Data provided:
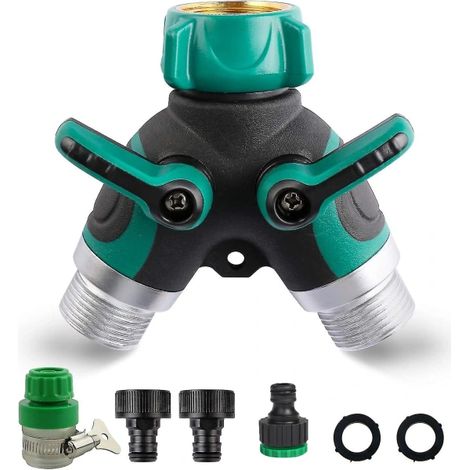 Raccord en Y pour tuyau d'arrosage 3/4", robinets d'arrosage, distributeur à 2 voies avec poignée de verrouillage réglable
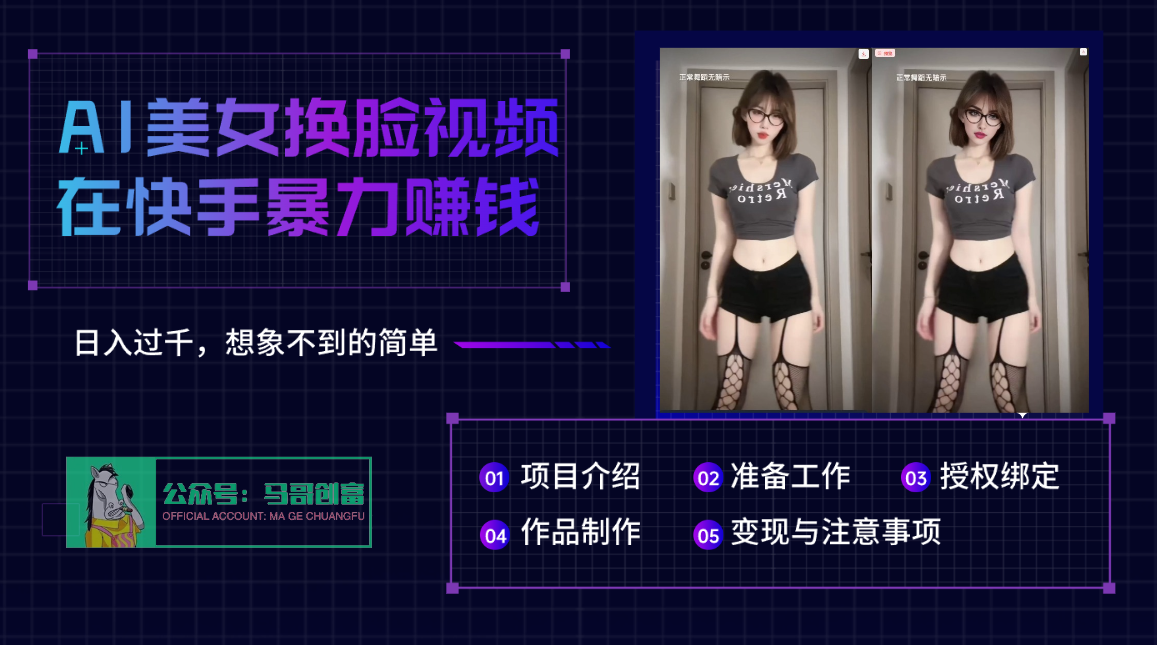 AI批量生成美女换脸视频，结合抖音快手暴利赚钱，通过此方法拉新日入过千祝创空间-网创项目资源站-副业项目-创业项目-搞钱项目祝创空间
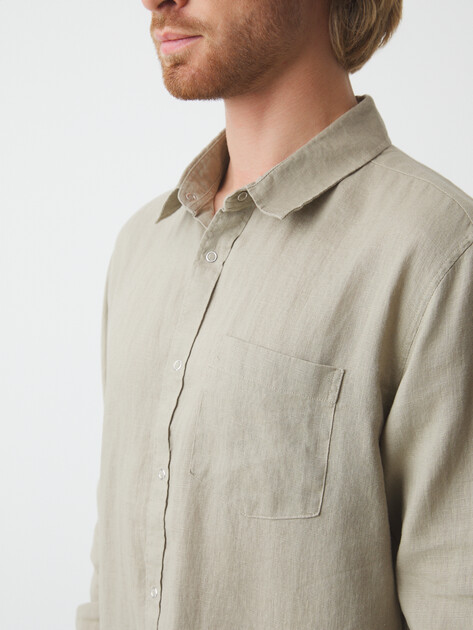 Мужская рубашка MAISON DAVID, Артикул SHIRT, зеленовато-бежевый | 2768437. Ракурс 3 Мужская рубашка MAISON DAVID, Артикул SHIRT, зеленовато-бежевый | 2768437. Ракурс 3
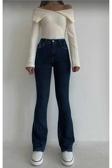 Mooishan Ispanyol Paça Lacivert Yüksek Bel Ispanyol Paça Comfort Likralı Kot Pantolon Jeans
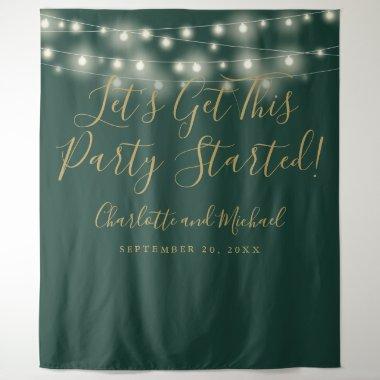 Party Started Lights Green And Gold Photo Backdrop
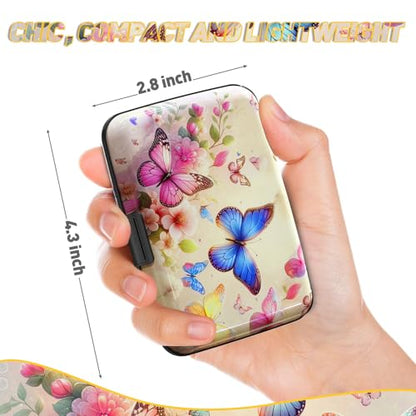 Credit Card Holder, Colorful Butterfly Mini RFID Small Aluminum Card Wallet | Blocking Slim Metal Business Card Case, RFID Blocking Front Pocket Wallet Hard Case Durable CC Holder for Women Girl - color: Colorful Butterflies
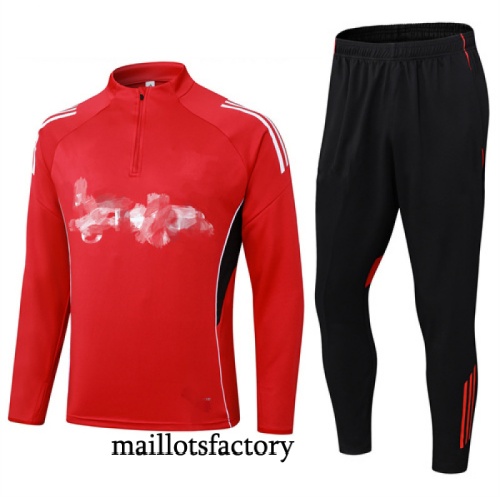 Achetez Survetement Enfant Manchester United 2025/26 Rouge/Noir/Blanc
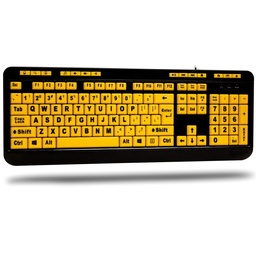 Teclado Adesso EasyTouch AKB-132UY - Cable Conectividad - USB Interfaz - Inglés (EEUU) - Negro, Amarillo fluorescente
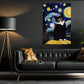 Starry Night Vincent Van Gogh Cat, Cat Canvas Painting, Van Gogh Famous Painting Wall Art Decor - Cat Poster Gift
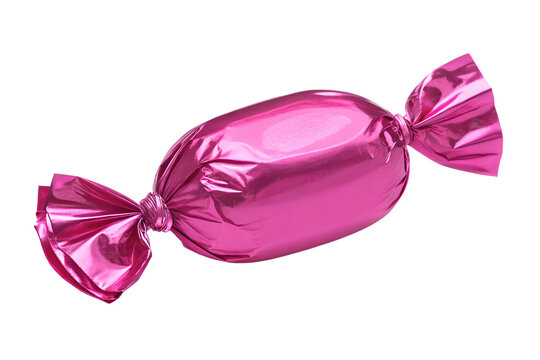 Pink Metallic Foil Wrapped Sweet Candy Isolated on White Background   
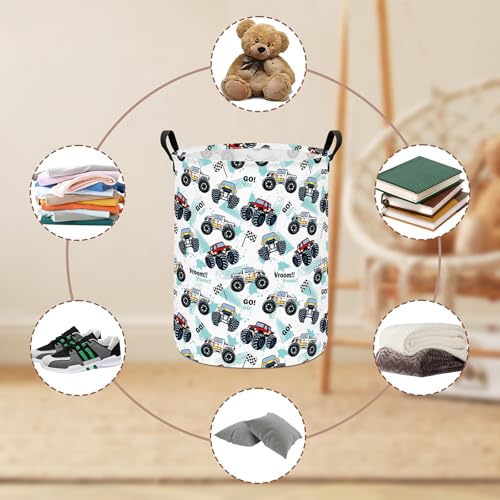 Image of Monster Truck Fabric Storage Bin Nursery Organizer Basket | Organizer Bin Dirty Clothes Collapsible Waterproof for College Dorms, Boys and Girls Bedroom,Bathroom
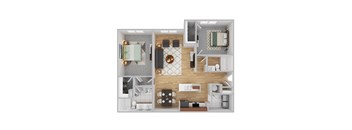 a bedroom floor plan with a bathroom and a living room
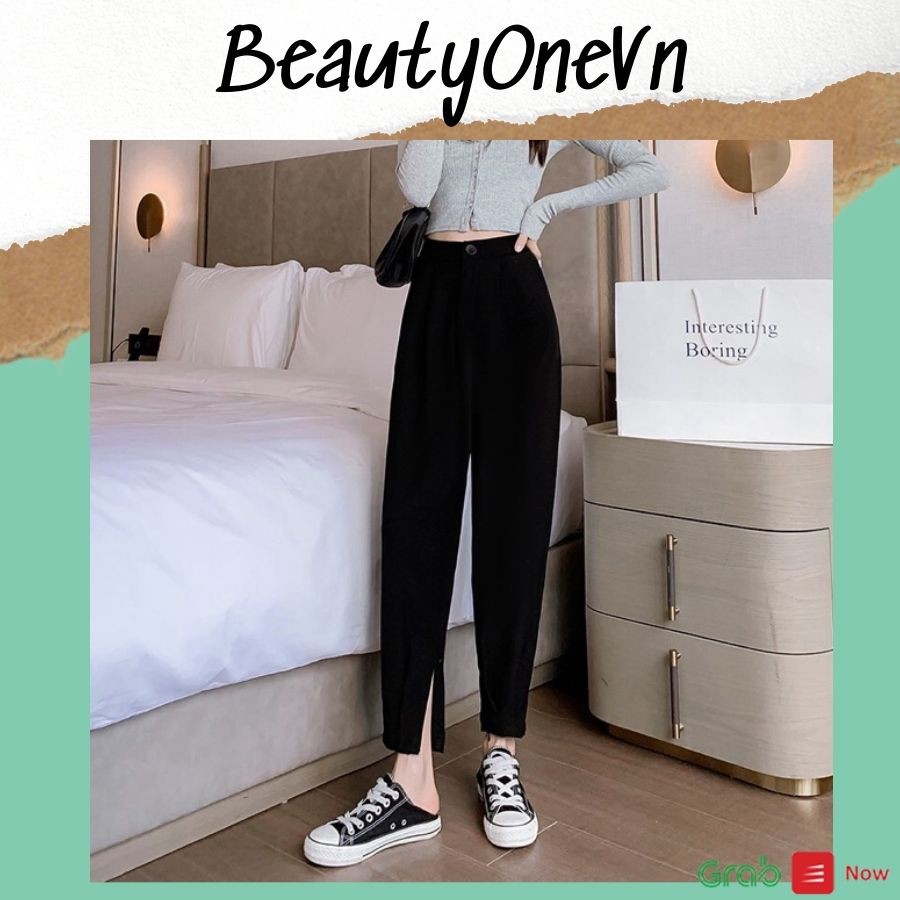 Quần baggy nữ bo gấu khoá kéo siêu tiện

* * *

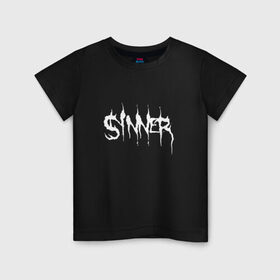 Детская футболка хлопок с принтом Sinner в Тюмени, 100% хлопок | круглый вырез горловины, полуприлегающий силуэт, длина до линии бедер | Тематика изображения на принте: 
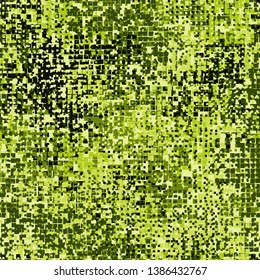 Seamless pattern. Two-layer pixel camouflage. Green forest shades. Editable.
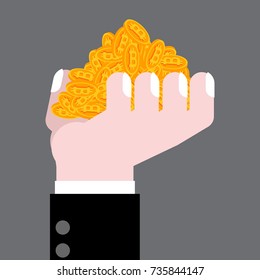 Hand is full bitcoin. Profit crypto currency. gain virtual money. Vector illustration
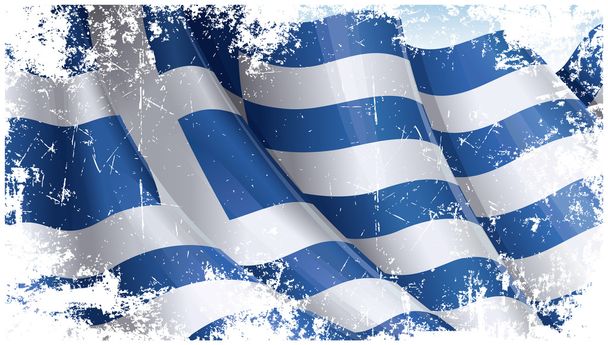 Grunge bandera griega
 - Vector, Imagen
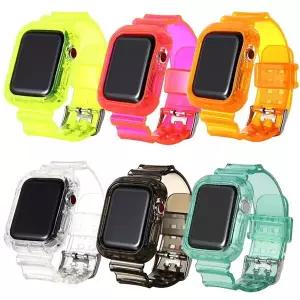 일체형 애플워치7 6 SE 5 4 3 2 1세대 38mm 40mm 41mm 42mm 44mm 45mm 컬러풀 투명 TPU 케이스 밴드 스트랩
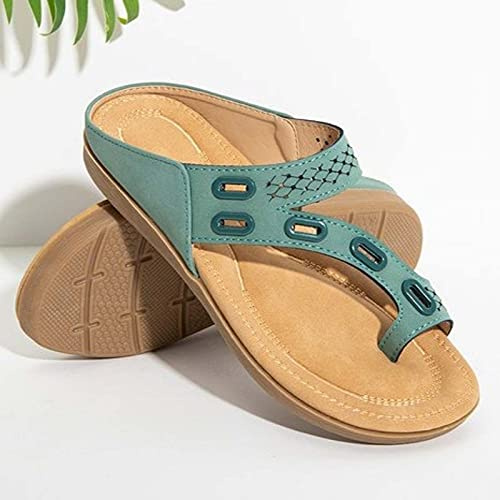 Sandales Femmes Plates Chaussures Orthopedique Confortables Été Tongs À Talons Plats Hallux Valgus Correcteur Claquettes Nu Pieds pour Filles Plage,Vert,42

Your goal:
Print everything from the line with "AI批量生成美女换脸视频，结" down to the line with "Mooishan Ispanyol Paça" in the entries above, both lines included and nothing more, without the pictures.

Result for this task:
 AI批量生成美女换脸视频，结合抖音快手暴利赚钱，通过此方法拉新日入过千祝创空间-网创项目资源站-副业项目-创业项目-搞钱项目祝创空间
 Мужская рубашка MAISON DAVID, Артикул SHIRT, зеленовато-бежевый | 2768437. Ракурс 3 Мужская рубашка MAISON DAVID, Артикул SHIRT, зеленовато-бежевый | 2768437. Ракурс 3
 Mooishan Ispanyol Paça Lacivert Yüksek Bel Ispanyol Paça Comfort Likralı Kot Pantolon Jeans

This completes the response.